La France fait partie des pays engagés depuis de nombreuses années dans une “Guerre contre la Drogue” qui n’empêche pas les trafics de fructifier mais qui fait de très nombreuses victimes dans les rangs des usagers. Parler de victimes ne relève pas de la métaphore : au Pakistan, entre autre, les détenteurs de drogue sont exécutés, en France les Toxico-dépendants infectés par le VIH meurent de devoir choisir entre l’abstinence et l’intégration des protocoles hospitaliers.
Notre nation, grande consommatrice d’alcool et de médicaments, s’obstine à diaboliser certains produits, cultivant la vision fantasmatique de “produits drogue” fabriquant des “drogués”, êtres voués à la désintégration sociale, à la déchéance et à la mort.
Non ! Ce n’est pas le “produit” qui fabrique le “drogué”, c’est la personne qui à travers le rapport qu’elle établit avec un produit se construit une dépendance. Je ne dis pas que tous les produits sont identiques quant à leur aptitude à déclencher l’ivresse et le “voyage”, je ne nie pas que certains sont infiniment plus dangereux que d’autres, tellement plus prompts à entraîner des dépendances; Je ne nie pas que les dépendances puissent avoir des conséquences dramatiques, mais je dis que c’est le Sujet qui reste le centre de l’Histoire. La consommation d’un produit, c’est un élément dans l’histoire d’une vie, le rôle que cela a, la place que cela occupe, dépendent précisément de la personne qui vit l’histoire, de qui elle est, de ce qui compte à un moment donné pour elle, de la société où elle vit, de l’image que cette société lui renvoie.

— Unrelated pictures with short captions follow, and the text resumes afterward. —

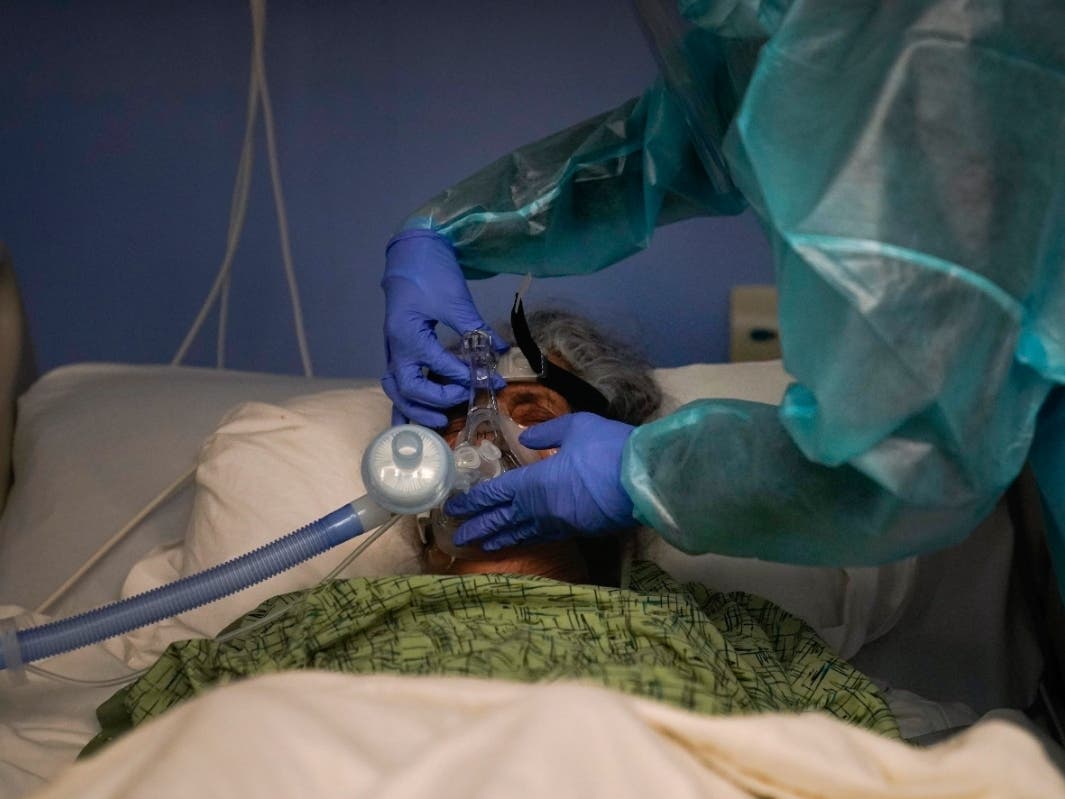 Registered nurse Kyanna Barboza adjusts the ventilator on her COVID-19 patient at St. Joseph Hospital in Orange, Calif., Thursday, Jan. 7, 2021. 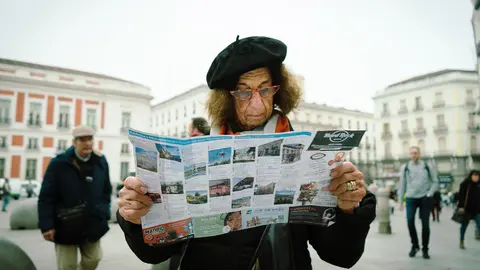 Una mujer lee un folleto en la madrile&ntilde;a Plaza del Sol | Sergio Moreno L&oacute;pez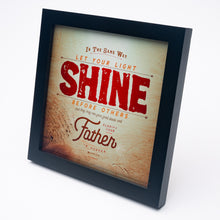 Load image into Gallery viewer, Metallic photo print with Matthew 5:16 in textured type with wooden background in black frame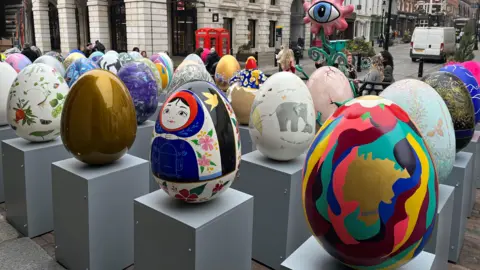 Dozens of large, decorated eggs, including one like like a Russian doll and another with an elephant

Au cours des formations organisées autour de la prévention et de la toxicomanie, il est une question que les stagiaires, animateurs, formateurs, enseignants ou gardiens
d’immeubles, posent de façon quasi systématique et qui illustre bien le problème: «comment reconnaître un drogué ?». Expression d’un trouble, car il faut savoir lire les signes, c’est que cela peut bien ne pas être aussi apparent que cela, mais question troublante: comment reconnaître un joueur ? Comment identifier un vrai passionné ? Comment reconnaître un être humilié par son conjoint ? Comment reconnaître une amoureux (une amoureuse) comblé(e), comment reconnaître un contribuable fortuné qui ne paye pas ses impôts ?. Il y a ce qu’on voit et le reste, comme disait Bertold Brecht, tous ceux qui pensant «non» disent «oui», et tous les autres qui disent «non» alors qu’ils pensent «oui». Après tout, pour savoir ce qu’une personne fait, il suffit d’établir un dialogue de confiance assez poussé pour qu’elle puisse vous le dire. Il n’y a pas d’autre choix : sans dialogue de confiance, pas de communication, et sans communication, impossible d’éduquer les libertés. La prévention est dans cet effort constant et peu payant d’établir le dialogue là où il est le plus difficile : au point de l’aveu du manque à être, de la fêlure, de la peur, du plaisir.
Je salue le Groupe ASUD de contribuer, par son existence même, ainsi que par ses activités à faire avancer un débat social qu’il est urgent de mener dans l’intérêt de tous, pour briser les fausses évidences, pour sortir de la logique d’exclusion et remédier aux désastres sociaux et sanitaires dont nous sommes quotidiennement les témoins. Longue vie à ASUD.